R10 só voltou ao Rio de Janeiro na noite desta quarta-feira. Um dia depois, assistiu ao vídeo do vice de futebol Paulo Cesar Coutinho conversando com torcedores no desembarque em Teresina, onde o Flamengo disputou um amistoso contra a seleção do Piauí. Nas imagens (assista ao vídeo acima), gravadas por um torcedor, Coutinho disse que conversou com Patricia Amorim e afirmou que Ronaldinho já havia sido afastado do Flamengo. Após a repercussão na mídia, Zinho negou o afastamento, e o dirigente pediu desculpas.

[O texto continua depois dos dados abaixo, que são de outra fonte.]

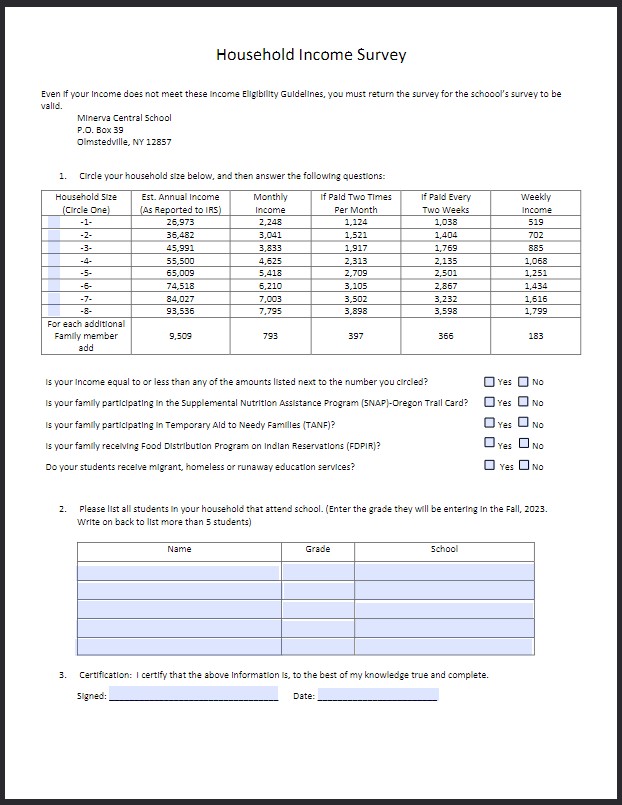 Free and Reduced Lunch Income Survey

As declarações foram o estopim para Ronaldinho e Assis acionarem o Flamengo na Justiça para cobrar uma dívida de R$ 40.177.140 e conseguir a liberação para o jogador assinar com outro clube, apesar de ter contrato até o fim de 2014. Além disso, a dupla pretende processar Coutinho por danos morais.
Há 54 dias, Ronaldinho falou pela primeira vez em deixar o Flamengo. Ao marcar o gol contra o Vasco, na sétima rodada da Taça Rio, declarou em entrevista ao canal PFC:
- Desde o primeiro dia que cheguei, sempre venho sendo tratado com muito amor, muito carinho, e é assim que eu espero sair daqui, pela porta da frente, fazendo aquilo que eu sei e ajudando meus companheiros.
Menos de dois meses depois, a alegria virou frustração, o carinho foi abatido pela dívida e pelas discussões com dirigentes, e a história de Ronaldinho Gaúcho com o Flamengo - ao menos dentro de campo - terminou.